• WHAT IS BEING ASKED
Repeat the records below exactly from the line containing "南阳市华阳金城商贸有限公司" to the line containing "リア 天井スピーカー用 LEDシーリングライト付きスピーカー", taking in both of those lines. Drop the pictures.

• INPUT FOR THIS TASK
== == ==

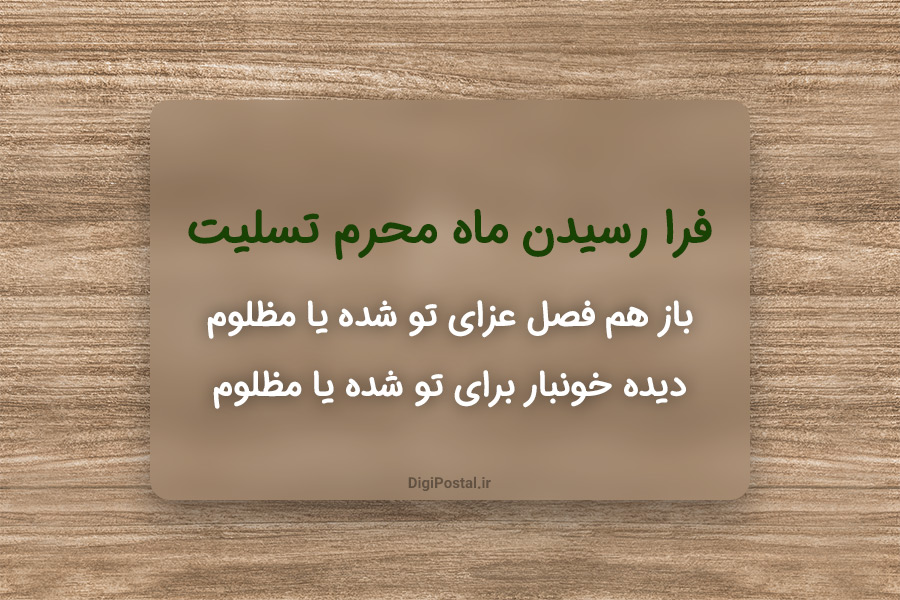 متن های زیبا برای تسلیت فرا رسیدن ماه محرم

== == ==

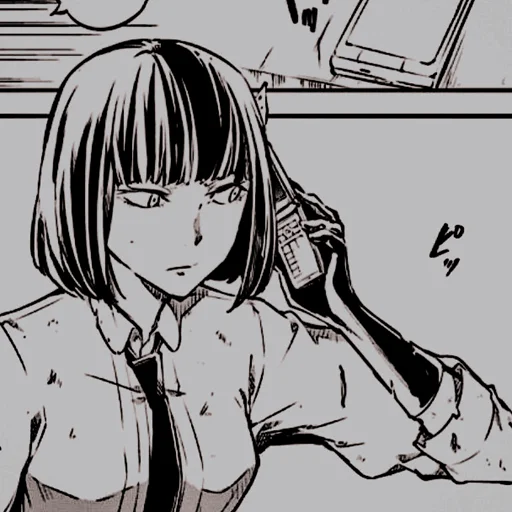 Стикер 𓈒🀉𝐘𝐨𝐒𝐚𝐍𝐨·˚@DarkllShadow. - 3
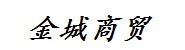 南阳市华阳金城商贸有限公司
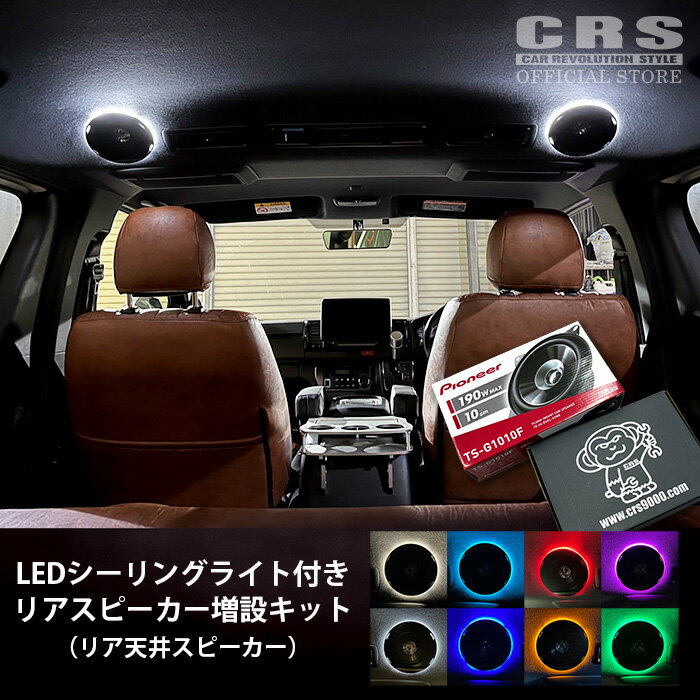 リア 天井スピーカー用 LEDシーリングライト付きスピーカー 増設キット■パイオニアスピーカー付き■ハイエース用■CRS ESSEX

== == ==

• TASK OUTPUT
 南阳市华阳金城商贸有限公司
 リア 天井スピーカー用 LEDシーリングライト付きスピーカー 増設キット■パイオニアスピーカー付き■ハイエース用■CRS ESSEX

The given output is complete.